Em resumo: 2026 será o ano da transparência total.

Quem já trabalha com clareza e organização vai sair na frente.

Mas quem ainda mistura as contas, precisa ajustar o quanto antes — porque o fisco vai ver tudo, e em tempo real.

 

Split Payment: o “Pix dos impostos”

Parece complicado, mas é simples:

Quando o cliente te pagar, o sistema vai separar automaticamente o valor do imposto e enviar direto ao governo.

Ou seja: se você vender algo por R$ 1.000, o valor que realmente cai na sua conta será o líquido — já com os tributos descontados.

Isso traz mais transparência, mas muda o fluxo de caixa.
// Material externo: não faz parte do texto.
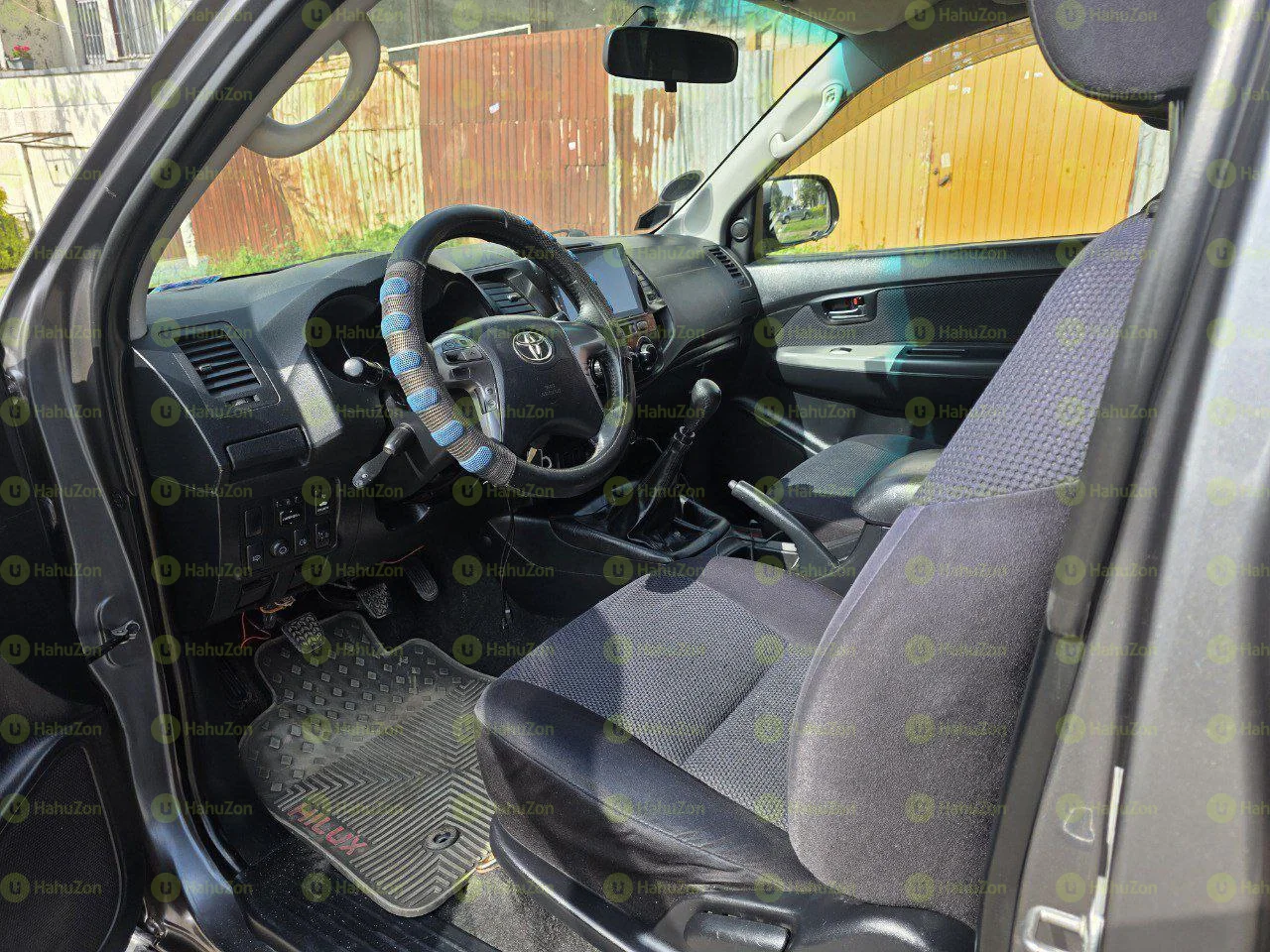 2014 Model-Toyota Hilux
Vai ser essencial planejar melhor o financeiro, porque o imposto não passa mais pela sua mão.

Este sistema começará a ser implementado em 2027, de forma opcional, e se tornará obrigatório gradualmente até 2033.

 

O impacto real pro empresário de refrigeração

A Reforma Tributária vai mudar a forma de calcular o lucro e de gerir o caixa.

Mas o impacto varia conforme o modelo do seu negócio:

 

Dicas de ouro pra se preparar desde já

1- Converse com sua contabilidade — ela será sua bússola nessa transição.

2- Atualize seu sistema de notas fiscais — ele precisa reconhecer CBS, IBS e split payment.

3- Revise contratos e preços — principalmente se atender empresas que pedem créditos tributários.

4- Cuide do fluxo de caixa — o imposto vai direto pro governo.

5- Busque informação — quem entende antes, se adapta melhor.

 

Conclusão: não é o fim do mundo — é o começo de uma nova era

A Reforma Tributária é desafiadora, mas também abre oportunidades incríveis para o setor de refrigeração e climatização.

Menos burocracia, mais clareza e uma chance real de planejar com segurança o crescimento da sua empresa.

Além disso, o novo modelo tende a atrair investidores do mundo todo, já que o sistema tributário brasileiro sempre foi um obstáculo por sua complexidade tributária e falta de clareza. Isto era visto como inibidor para o capital estrangeiro.

E lembre-se: “quem se antecipa, governa.”

Entenda as regras do jogo e aproveite o oceano azul de oportunidades que a reforma nos trará.